One guesses that the late Joseph Heller (1923-99) must have chafed at the irony of a 40-year literary career during which he was identified almost exclusively as the author of his first novel. Catch-22 (1961), which was based on his own experiences as a WWII Air Force bomber pilot, added a phrase to the language, found the perfect comic metaphor for the insanity of military (and, by extension, most other) bureaucracies, and helped transform postwar American realistic fiction into the hybrid satirical picaresque forms whose influence persists to this day.
Heller’s second novel, Something Happened (1974), was an underrated work: a bleak deconstruction of the façade of normality that insulates a prototypical man in a gray flannel suit from his cautiously suppressed inmost fears and desires. So was his wildly surrealistic 1968 play We Bombed in New Haven. Subsequent books were uneven. Re-creations of the worlds of King David and Rembrandt (in God Knows and Picture This, respectively) seemed labored. But there was much to admire in Heller’s refreshingly impertinent Washington novel Good as Gold (1979), the autobiographical No Laughing Matter (1986), about his ordeal as a sufferer from Guillain-Barré Syndrome, and the recent Closing Time (1994), a decidedly autumnal sequel to Catch-22. Now comes the novel Heller completed shortly before his death. It’s self-described as “a tract in the form of fiction about a life spent writing fiction.” The life in question is that of Eugene Pota, identified (by the book’s author, who may or may not be Joseph Heller thus observing the simulacrum of himself) as the seventy-something author of a famous first novel based on his wartime experiences, who’s bored with old age, the mocking failures of the more interesting bodily functions, and the imperfect consolations of celebrity. Heller’s portrait jovially records Pota’s frustrated efforts to find a subject for his final book (“I want…to go out on a note of triumph”): notably, his several false starts in attempting to rewrite The Adventures of Tom Sawyer, Kafka’s “Metamorphosis,” the story of Abraham and Isaac, the Greek myth of Zeus and Hera, and – in an effort that mildly amuses and irritates Pota’s long-suffering spouse Polly – “A Sexual Biography of my Wife.”

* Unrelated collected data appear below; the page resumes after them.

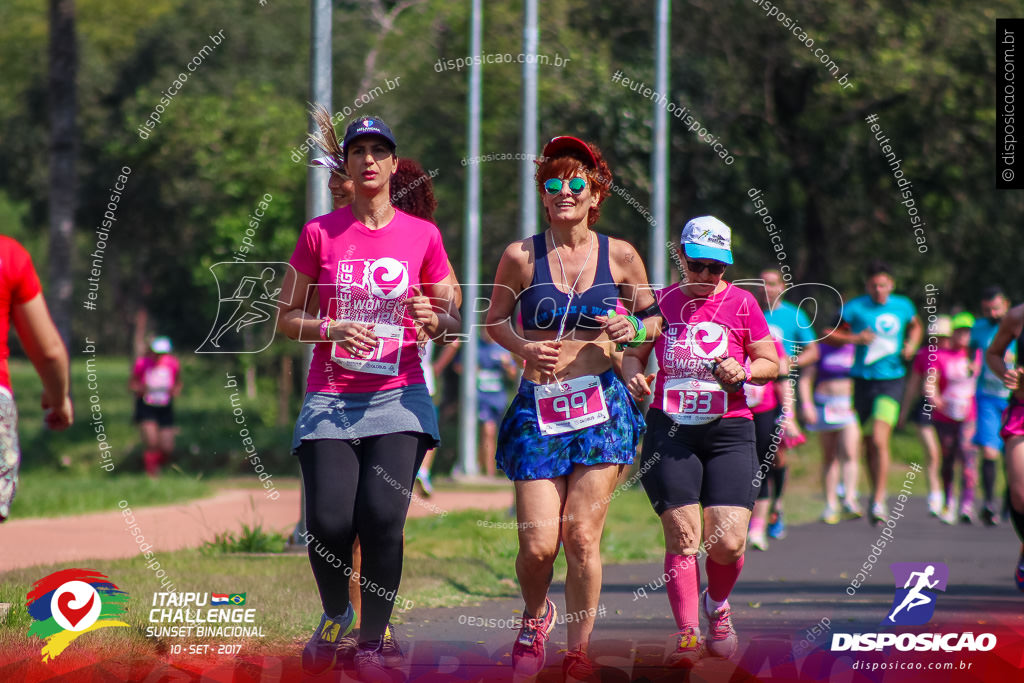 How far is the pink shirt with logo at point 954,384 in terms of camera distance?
40.7 feet

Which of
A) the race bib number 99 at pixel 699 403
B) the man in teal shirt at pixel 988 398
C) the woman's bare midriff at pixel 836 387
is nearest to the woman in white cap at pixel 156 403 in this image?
the woman's bare midriff at pixel 836 387

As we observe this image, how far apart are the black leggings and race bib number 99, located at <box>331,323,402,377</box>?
0.27 meters

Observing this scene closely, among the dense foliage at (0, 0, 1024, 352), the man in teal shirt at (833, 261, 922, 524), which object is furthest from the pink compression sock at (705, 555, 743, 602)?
the dense foliage at (0, 0, 1024, 352)

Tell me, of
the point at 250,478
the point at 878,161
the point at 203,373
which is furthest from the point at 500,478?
the point at 203,373

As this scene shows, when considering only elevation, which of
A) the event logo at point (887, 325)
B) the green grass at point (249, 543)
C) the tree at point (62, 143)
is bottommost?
the green grass at point (249, 543)

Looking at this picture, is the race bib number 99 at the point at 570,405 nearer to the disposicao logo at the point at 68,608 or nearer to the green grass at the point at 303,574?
the green grass at the point at 303,574

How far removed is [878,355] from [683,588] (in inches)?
220

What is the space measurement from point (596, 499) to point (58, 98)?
1566 cm

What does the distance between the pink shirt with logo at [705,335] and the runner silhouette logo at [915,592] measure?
1481mm

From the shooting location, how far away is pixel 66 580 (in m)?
5.53

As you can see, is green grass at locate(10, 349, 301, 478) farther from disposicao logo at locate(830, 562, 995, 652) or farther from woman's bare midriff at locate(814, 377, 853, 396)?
disposicao logo at locate(830, 562, 995, 652)

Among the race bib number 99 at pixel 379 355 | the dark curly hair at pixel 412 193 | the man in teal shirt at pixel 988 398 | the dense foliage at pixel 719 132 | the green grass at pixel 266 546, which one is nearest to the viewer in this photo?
the race bib number 99 at pixel 379 355

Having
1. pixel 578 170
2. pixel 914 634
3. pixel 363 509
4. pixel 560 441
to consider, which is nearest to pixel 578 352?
pixel 560 441

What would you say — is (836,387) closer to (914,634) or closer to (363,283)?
(914,634) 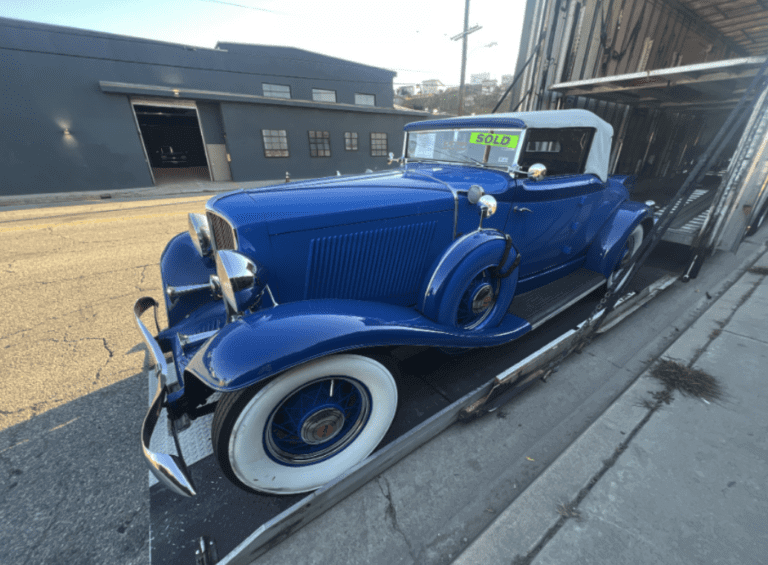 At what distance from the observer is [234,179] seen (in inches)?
591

It sounds cloying and self-indulgent, but it’s actually quite entertaining: a racy, readable amalgam of memoir, joke book (a few of the gags are pretty hoary), and a comfortable-as-old-shoes rumination. Heller’s mellowest book recaptures, in a modestly lyrical minor key, the same strains of plaintive comic madness that made Catch-22 a permanent contribution to our literature. It’s a terrific swan song.